### Material for the task
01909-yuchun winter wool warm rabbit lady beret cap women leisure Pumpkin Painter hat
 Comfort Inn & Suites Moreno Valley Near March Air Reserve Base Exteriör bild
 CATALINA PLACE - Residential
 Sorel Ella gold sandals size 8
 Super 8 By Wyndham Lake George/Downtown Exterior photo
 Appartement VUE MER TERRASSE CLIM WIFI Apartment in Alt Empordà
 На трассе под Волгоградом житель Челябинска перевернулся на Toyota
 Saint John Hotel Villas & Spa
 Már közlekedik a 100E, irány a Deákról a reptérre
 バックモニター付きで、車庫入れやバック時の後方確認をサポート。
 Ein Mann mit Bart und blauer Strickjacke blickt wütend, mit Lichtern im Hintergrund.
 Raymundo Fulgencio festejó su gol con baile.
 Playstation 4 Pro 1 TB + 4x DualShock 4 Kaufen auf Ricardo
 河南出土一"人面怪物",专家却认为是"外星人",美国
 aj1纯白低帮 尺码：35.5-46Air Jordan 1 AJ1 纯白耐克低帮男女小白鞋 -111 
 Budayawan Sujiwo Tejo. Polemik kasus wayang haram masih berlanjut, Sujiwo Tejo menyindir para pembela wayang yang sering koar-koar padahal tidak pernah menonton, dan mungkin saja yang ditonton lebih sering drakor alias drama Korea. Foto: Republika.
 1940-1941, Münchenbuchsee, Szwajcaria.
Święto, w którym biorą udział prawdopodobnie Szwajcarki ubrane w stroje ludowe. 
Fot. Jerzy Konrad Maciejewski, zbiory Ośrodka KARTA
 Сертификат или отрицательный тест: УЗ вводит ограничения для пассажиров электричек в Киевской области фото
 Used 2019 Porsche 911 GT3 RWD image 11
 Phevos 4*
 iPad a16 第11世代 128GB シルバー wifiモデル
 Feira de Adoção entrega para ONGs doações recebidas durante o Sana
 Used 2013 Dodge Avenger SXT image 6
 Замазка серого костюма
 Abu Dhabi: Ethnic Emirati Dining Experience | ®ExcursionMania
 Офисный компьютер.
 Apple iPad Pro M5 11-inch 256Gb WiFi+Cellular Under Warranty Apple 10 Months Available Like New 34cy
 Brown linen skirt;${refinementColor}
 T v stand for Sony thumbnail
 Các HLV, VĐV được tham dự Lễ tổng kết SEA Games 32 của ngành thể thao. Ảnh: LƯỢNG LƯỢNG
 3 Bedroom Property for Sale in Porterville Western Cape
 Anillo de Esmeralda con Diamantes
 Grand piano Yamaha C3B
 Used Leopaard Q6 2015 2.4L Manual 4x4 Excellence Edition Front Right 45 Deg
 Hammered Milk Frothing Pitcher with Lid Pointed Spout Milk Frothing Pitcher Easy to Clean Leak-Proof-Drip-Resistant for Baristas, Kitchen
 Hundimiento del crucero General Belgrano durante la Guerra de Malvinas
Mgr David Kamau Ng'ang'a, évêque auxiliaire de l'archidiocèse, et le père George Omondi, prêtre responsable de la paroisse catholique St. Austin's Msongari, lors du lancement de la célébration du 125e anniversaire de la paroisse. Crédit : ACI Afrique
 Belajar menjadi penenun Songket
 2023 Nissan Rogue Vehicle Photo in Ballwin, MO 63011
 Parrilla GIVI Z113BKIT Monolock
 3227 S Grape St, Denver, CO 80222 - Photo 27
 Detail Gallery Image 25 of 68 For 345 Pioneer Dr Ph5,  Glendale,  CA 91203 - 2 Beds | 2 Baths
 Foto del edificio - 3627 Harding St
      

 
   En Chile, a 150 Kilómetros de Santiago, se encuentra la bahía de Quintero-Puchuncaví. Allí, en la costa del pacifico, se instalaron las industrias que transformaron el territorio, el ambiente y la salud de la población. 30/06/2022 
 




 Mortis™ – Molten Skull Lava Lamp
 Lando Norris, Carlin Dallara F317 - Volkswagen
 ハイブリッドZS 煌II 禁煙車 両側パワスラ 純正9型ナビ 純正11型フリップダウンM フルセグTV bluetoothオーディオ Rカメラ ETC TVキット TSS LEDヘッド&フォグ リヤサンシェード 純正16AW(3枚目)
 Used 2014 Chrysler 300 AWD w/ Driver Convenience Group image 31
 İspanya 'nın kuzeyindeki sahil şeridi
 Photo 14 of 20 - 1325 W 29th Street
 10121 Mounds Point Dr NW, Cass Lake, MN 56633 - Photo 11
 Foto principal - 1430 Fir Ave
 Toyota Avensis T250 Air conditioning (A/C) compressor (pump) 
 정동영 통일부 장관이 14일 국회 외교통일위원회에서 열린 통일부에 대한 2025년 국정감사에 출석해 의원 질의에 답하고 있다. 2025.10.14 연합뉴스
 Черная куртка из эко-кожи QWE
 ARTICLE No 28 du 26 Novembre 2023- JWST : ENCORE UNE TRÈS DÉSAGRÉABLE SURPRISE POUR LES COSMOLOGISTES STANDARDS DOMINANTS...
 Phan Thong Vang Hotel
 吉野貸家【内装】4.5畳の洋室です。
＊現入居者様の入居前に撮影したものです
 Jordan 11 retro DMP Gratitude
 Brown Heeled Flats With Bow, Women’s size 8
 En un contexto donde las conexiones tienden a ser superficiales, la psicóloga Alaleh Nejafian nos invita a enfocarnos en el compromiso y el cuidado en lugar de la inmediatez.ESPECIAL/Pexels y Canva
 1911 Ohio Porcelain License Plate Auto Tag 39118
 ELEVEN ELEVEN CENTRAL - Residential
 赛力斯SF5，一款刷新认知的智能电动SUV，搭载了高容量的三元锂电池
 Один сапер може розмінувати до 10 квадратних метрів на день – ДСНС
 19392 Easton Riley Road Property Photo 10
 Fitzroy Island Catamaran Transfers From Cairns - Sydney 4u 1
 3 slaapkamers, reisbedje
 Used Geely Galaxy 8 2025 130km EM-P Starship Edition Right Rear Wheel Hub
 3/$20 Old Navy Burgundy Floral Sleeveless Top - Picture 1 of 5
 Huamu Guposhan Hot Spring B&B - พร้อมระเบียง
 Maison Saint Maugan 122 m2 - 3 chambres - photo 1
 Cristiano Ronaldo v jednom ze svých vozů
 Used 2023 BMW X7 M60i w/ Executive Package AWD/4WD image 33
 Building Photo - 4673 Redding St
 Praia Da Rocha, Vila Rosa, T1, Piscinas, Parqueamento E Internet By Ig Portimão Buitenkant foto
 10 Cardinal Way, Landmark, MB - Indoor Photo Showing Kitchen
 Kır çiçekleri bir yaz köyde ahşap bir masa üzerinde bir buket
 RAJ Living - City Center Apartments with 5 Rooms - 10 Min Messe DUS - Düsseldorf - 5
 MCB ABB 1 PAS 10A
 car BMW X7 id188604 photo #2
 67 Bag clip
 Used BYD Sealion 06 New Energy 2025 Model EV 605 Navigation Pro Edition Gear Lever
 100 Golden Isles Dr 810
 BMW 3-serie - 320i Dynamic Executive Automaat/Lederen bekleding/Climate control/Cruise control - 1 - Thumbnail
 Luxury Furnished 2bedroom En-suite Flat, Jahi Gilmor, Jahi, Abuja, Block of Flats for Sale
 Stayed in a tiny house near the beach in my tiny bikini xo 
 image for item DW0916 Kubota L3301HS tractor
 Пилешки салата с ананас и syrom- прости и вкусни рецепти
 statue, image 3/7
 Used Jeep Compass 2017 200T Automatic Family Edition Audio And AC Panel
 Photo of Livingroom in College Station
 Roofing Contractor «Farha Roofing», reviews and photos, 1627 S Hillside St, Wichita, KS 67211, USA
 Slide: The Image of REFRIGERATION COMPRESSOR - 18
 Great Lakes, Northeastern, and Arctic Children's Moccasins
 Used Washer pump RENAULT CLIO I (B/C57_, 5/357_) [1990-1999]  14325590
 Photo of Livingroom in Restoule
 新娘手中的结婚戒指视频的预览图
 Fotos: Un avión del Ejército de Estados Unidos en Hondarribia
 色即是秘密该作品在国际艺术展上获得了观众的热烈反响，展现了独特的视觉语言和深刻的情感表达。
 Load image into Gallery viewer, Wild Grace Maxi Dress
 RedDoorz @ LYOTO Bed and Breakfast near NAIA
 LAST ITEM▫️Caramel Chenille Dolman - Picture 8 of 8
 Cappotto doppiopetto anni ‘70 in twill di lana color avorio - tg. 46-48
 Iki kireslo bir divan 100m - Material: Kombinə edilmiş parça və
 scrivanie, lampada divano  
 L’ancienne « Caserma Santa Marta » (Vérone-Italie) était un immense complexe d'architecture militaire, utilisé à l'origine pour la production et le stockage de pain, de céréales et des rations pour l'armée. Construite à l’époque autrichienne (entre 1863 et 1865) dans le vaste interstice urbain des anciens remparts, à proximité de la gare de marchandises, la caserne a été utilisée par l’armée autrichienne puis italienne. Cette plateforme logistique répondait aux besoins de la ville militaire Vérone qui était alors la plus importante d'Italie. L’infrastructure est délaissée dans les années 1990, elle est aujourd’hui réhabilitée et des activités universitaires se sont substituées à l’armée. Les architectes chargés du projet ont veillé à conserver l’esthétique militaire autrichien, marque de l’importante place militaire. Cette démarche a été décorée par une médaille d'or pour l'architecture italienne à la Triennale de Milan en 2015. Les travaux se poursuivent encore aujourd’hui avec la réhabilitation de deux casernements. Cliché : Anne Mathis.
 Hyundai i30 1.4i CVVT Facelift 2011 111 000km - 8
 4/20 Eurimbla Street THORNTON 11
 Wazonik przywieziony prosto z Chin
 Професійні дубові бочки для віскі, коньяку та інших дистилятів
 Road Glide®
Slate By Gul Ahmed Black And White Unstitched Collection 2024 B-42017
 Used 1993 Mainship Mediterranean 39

### Your objective
Show all lines from the listing above in which "Street" appears.

### Answer area
 Photo 14 of 20 - 1325 W 29th Street
 4/20 Eurimbla Street THORNTON 11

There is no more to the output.